MAKKAH: More than two million Muslims took part in the symbolic stoning of the devil on Tuesday, the last major ritual of the Hajj pilgrimage that heralded the start of Eid Al-Adha.

Clad in white robes signifying a state of purity, men and women from 165 countries converged on Jamrat to perform the ritual from a three-story bridge.

Large fans sprayed water over the crowd as temperatures climbed to 44C.

Pilgrim Moueeneddine Ahmed, 35, from Bangladesh, complained of the scorching heat but said he was “very excited” to take part in the ceremony.

He also praised the Saudi authorities for maintaining order despite the vast crowd. “There’s a lot of security.
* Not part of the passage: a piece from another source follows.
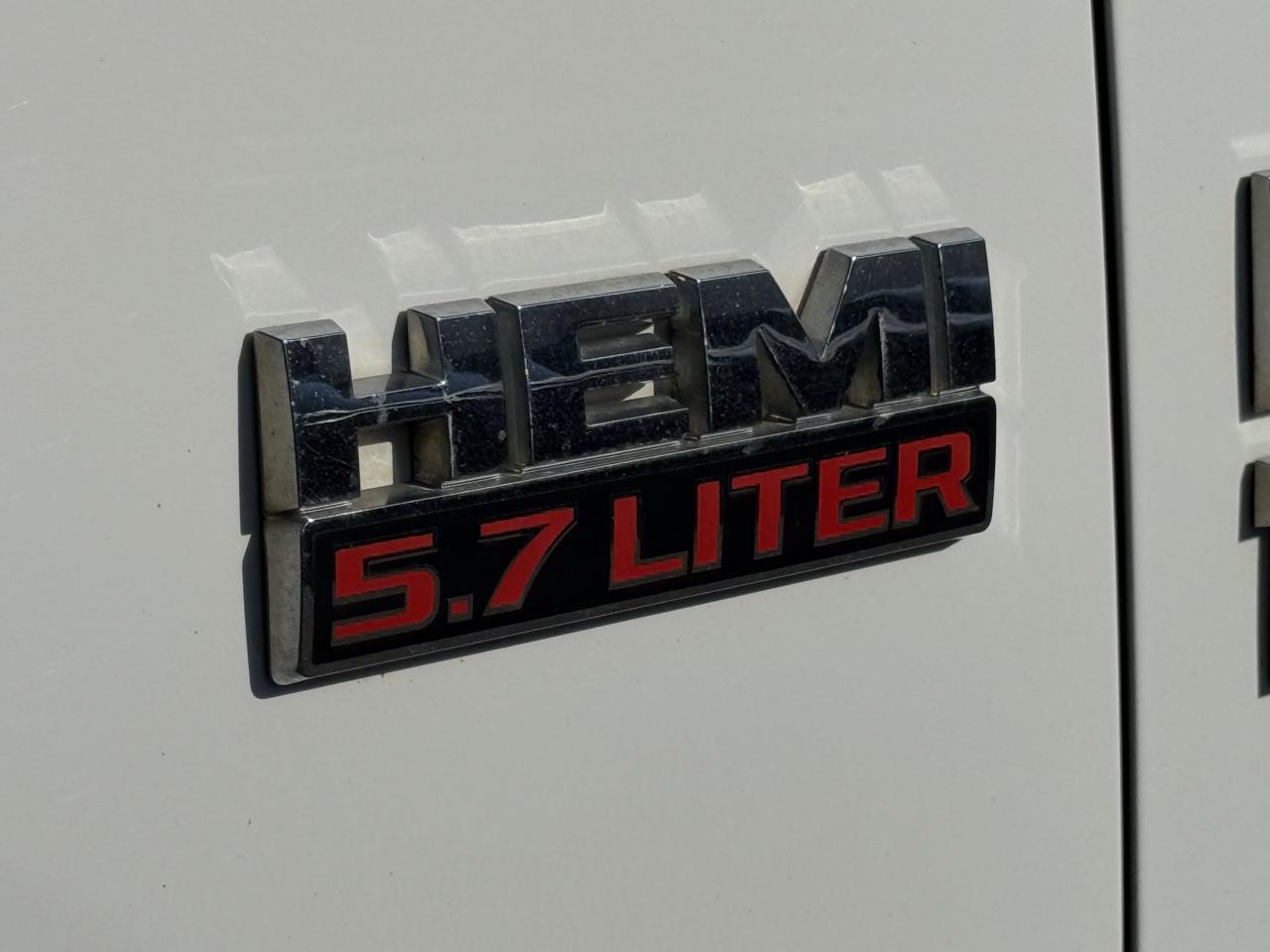 RAM 1500 4WD Crew Cab 140.5" Big Horn 2016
Very disciplined,” he said.

In keeping with customs he said he would then “shave his head” and trade the white seamless robe he wore for the Hajj for his “normal clothes.”

 

 

Tens of thousands of security forces, including police and civil defense, have been deployed for Hajj, according to Saudi authorities.

Firas Al-Khashani, 33, a pilgrim from Jordan, was equally impressed. “The police assistance and the services were all extraordinary,” he said. 


“It is a beautiful feeling,” said Hazem Darweesh, 31, from Egypt. “The beauty of it is in the difficulty of performing it. It brings you closer to God.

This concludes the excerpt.